==== Information provided ====

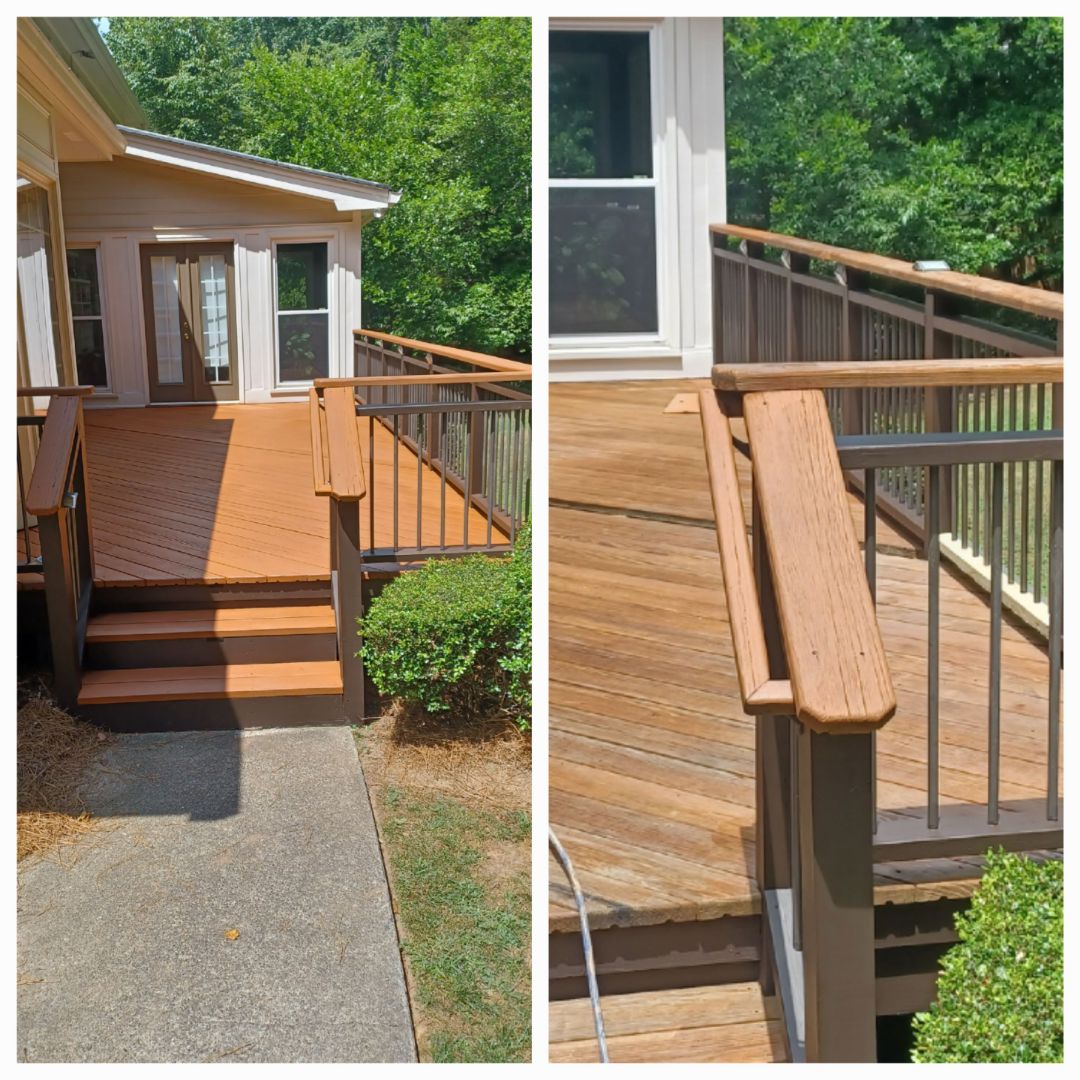 Replaced rotten boards and stained deck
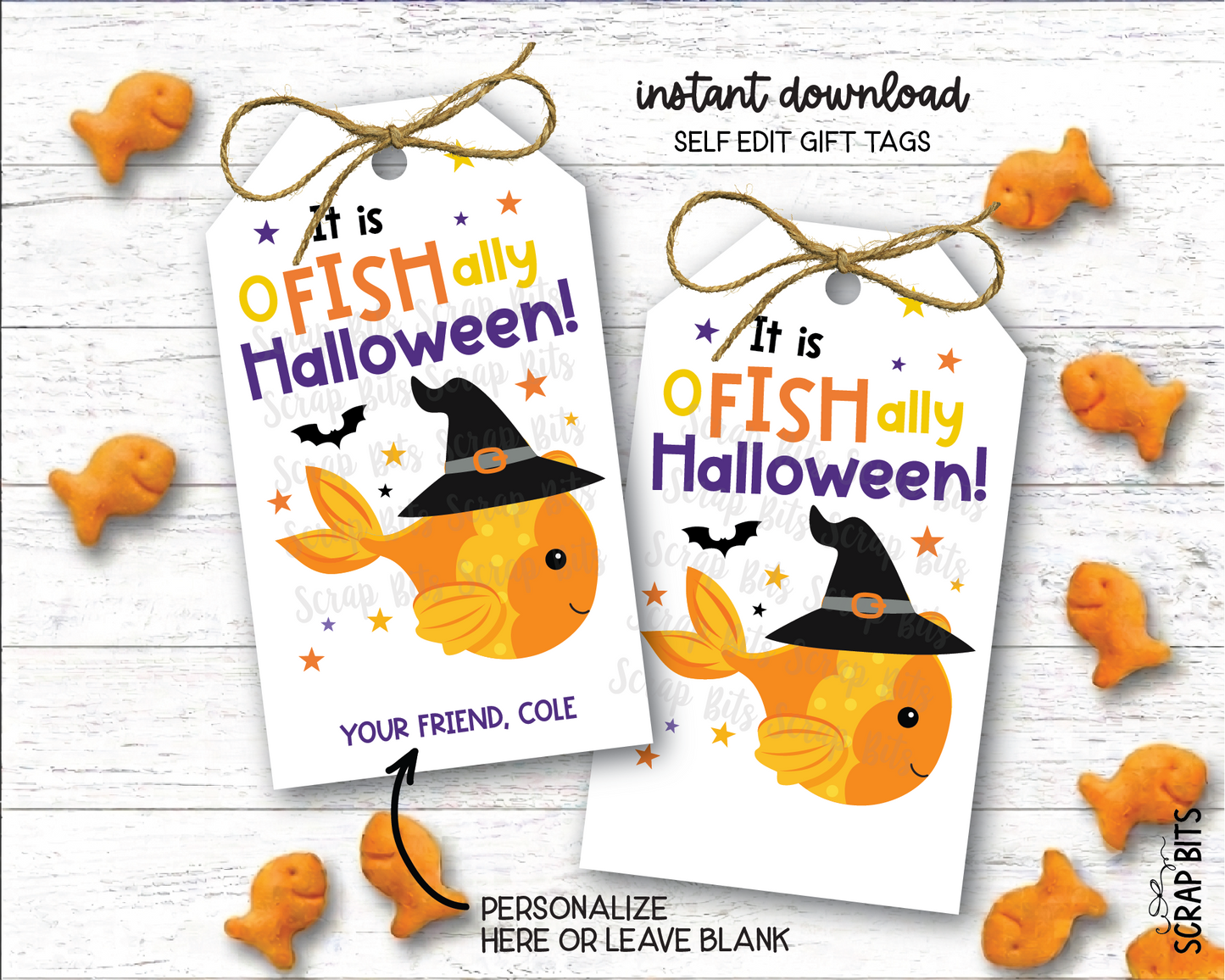 Goldfish O-Fish-Ally Halloween Printable Gift Tags, Instant Download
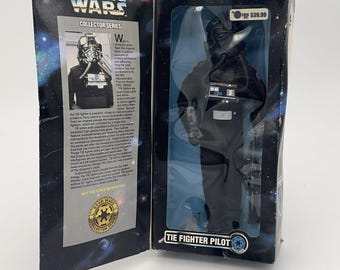 Figura de acción articulada de 30 cm (12 pulgadas) de un piloto de caza TIE imperial de Star Wars (modelo vintage).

====

• **Task requirements**: Exclude every image and return the material above exactly.

• **Answer space**:
 Replaced rotten boards and stained deck
 Goldfish O-Fish-Ally Halloween Printable Gift Tags, Instant Download
 Figura de acción articulada de 30 cm (12 pulgadas) de un piloto de caza TIE imperial de Star Wars (modelo vintage).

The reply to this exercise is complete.